L’opinion publique mérite le respect, dans le sens où elle reflète la réaction majoritaire face à tel ou tel événement. Il est bon que l’homme politique soit conscient de cette tendance : il comprend par là qu’il devra expliquer d’autant plus une décision qu’elle s’éloigne des attentes de la majorité ; il le devra parce qu’une décision ne produit vraiment les effets escomptés que si elle est comprise et, si possible, acceptée, même par ceux qui la rejetaient a priori. En démocratie, les représentants du peuple sont désignés non pour suivre les louvoiements de l’opinion, mais pour garder la tête froide quand tout le monde s’échauffe. Que le Parlement « soit un phare qui ouvre la voie de l’ombre pour le pays », rappelait Robert Badinter à l’Assemblée française confrontée à l’abolition de la peine de mort, en 1981.

Quand l’opinion s’empare d’un fait important ou mineur – meurtre scandaleux, évasion de masse ou camion de jambons étalé sur l’autoroute –, il relève de sa nature qu’elle s’enflamme, s’emballe et, si plausible, s’indigne.
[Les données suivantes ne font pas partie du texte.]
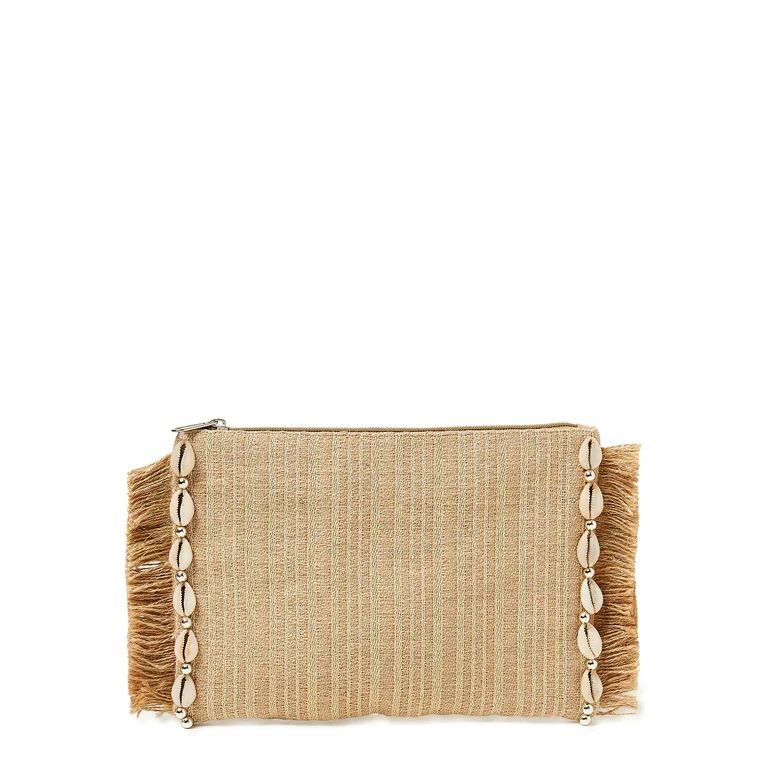 Magid Women’s Striped Metallic Clutch with Seashells and Frayed Edge Trim | Walmart (US)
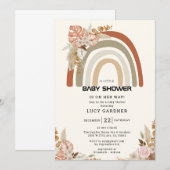 Invitation Fleurs de printemps | Rainbow Simple Girl Baby sho (Devant / Derrière)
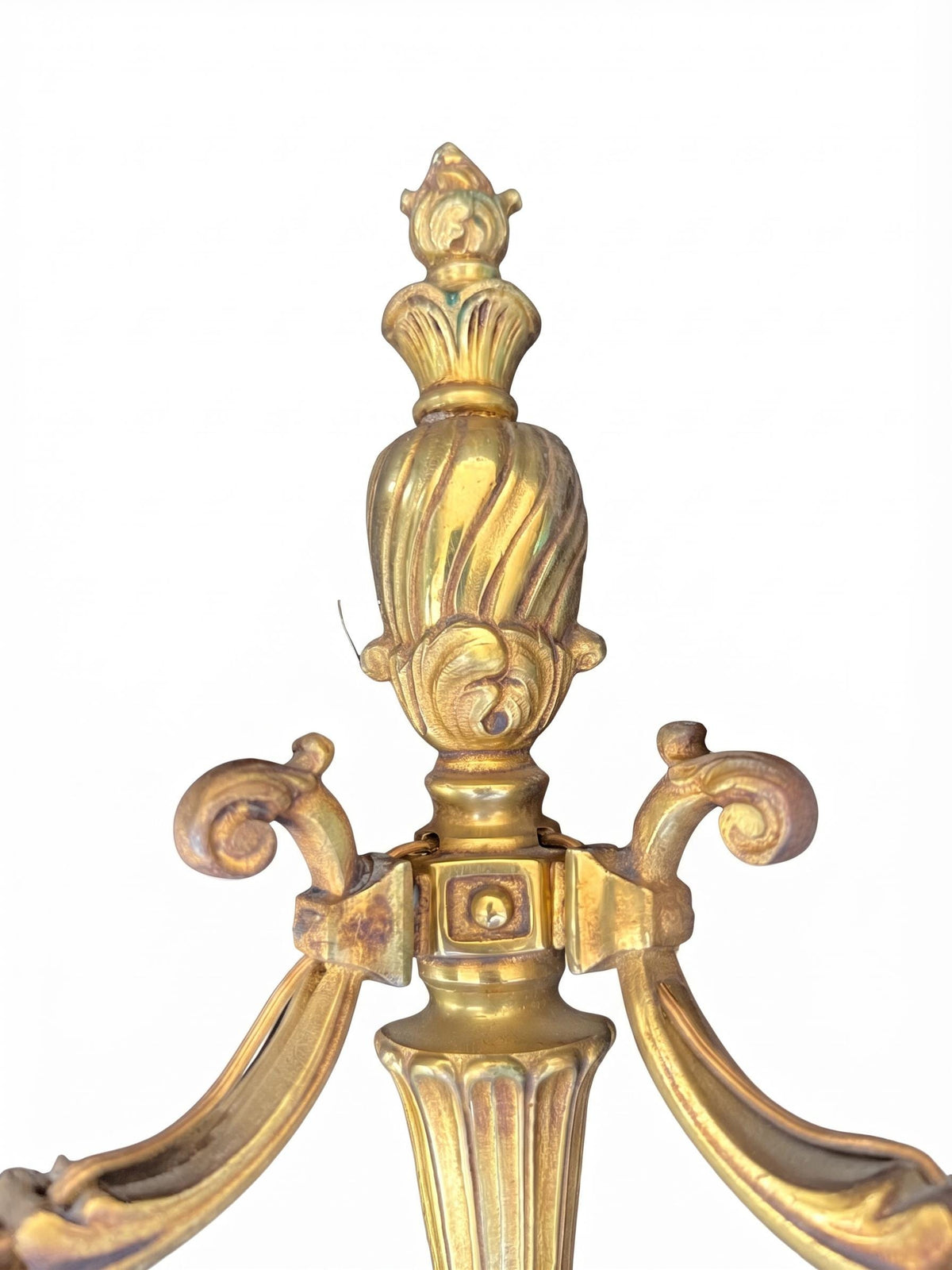 Petitot Wall Sconces Pair, Signed Louis XV Style Gilt Bronze Single Arm Sconces — French, Circa 1960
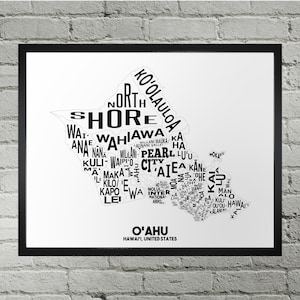 Impressão de mapa da cidade do bairro de O'ahu | Feito à mão | Impressão de mapa de Oahu Havaí | Impressão de mapa do Havaí | Impressão de arte de mapa de Honolulu | Arte de mapa de Waikiki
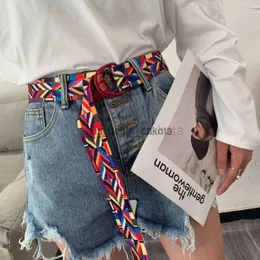 Belts Trendy Double Ring Canvas Belt Men and Women Students Couple Casual Youth Jeans Accessories Classic Splicing Cloth Belts L0825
À l’homme politique d’éviter le piège des déclarations et des solutions « à la petite semaine », à lui de prendre, avec tout le recul nécessaire, la juste mesure des faits, à lui de les intégrer, s’il y a lieu, dans la réflexion de fond permanente qui sous-tend toute politique bien menée et bien évaluée.

Publié comme « Carte blanche » dans Le Soir, le jeudi 21 décembre 2006.